Back on earth, scientists are about to do an autopsy on possibly the hottest alien ever to go naked (Mathilda May), when she awakens and sucks the life force from her guard, leaving the burned out husk of his body behind. The government scrambles to capture her, but she escapes using vast mental powers. A special agent is assigned to captain the search.
Shortly afterwards, the lone survivor (Steve Railsback) comes hurtling back to earth in a capsule and no memory of what’s happened to the rest of his crew.
Seems he’s got some sort of strange psychic link with the naked alien and the government uses him to track her down. She has the ability to transfer her life force into host bodies, and winds up in a variety of bodies, including good old Capt. Picard at one point.

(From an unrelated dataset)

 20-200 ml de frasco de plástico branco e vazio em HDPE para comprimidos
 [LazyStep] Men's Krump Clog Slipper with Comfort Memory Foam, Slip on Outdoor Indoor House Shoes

Adding to the danger, everyone who the space vampires suck the life from become new vampires and soon they’re attacking the living for their life force. The space vampire disease spreads across the country , until things go from bad to worse (from weird to sort of convolutedly unbelievable, even for a horror film) and soon all of London is overrun with the humans-cum-space-vampires (which resemble zombies more than vampires) and soon Railsback and fellow government special agent Peter Firth are trying to fight their way back into London to stop the female alien from transmitting her collected human life forces into her alien mother ship. Apparently, we humans make a pretty good space fuel.
I won’t spoil the end of the film for you, but suffice it to say, it tends towards ambiguity.
Tobe Hooper is one of those director’s who, when he’s on, can make some really great flicks. Unfortunately, LIFEFORCE isn’t one of those flicks. Oh, it’s decent entertainment, but it’s hardly a TEXAS CHAINSAW MASSACRE or even a good time FUNHOUSE. And the problem may lie in the fact that he was trying desperately to escape the stricture of straight horror by using a sci-fi horror story instead (and one written by the great Colin Wilson to boot). It just doesn’t jell most of the time and there’re very few scares to be had. It’s mostly entertaining for Mathilda May walking around stark naked for a good amount of the film. The acting is a bit histrionic and uncontrolled, the special effects decent, but not really ground breaking, even for its time. What you got with LIFEFORCE is a movie that pays heavy homage to the classic Quatermass films of the 50s and 60s, thoroughly British thinking man’s sci-fi/horror movies that usually had something to do with strangely ambivalent alien invasion, which were usually short on bombast and heavy on science. After all is said and done, Hooper does a decent job of capturing the spirit of the Quatermass films.
Unfortunately, US audiences for the most part in 1985 didn’t know diddle squat about them, and saw this as a scattered and too slow mess of UK/US accents.
This is a movie for Hooper or horror completists, or perhaps for the stray Quatermass fan here and there. Are there any left alive in this age of CGI madness and boom-boom-clap-clap moviemaking?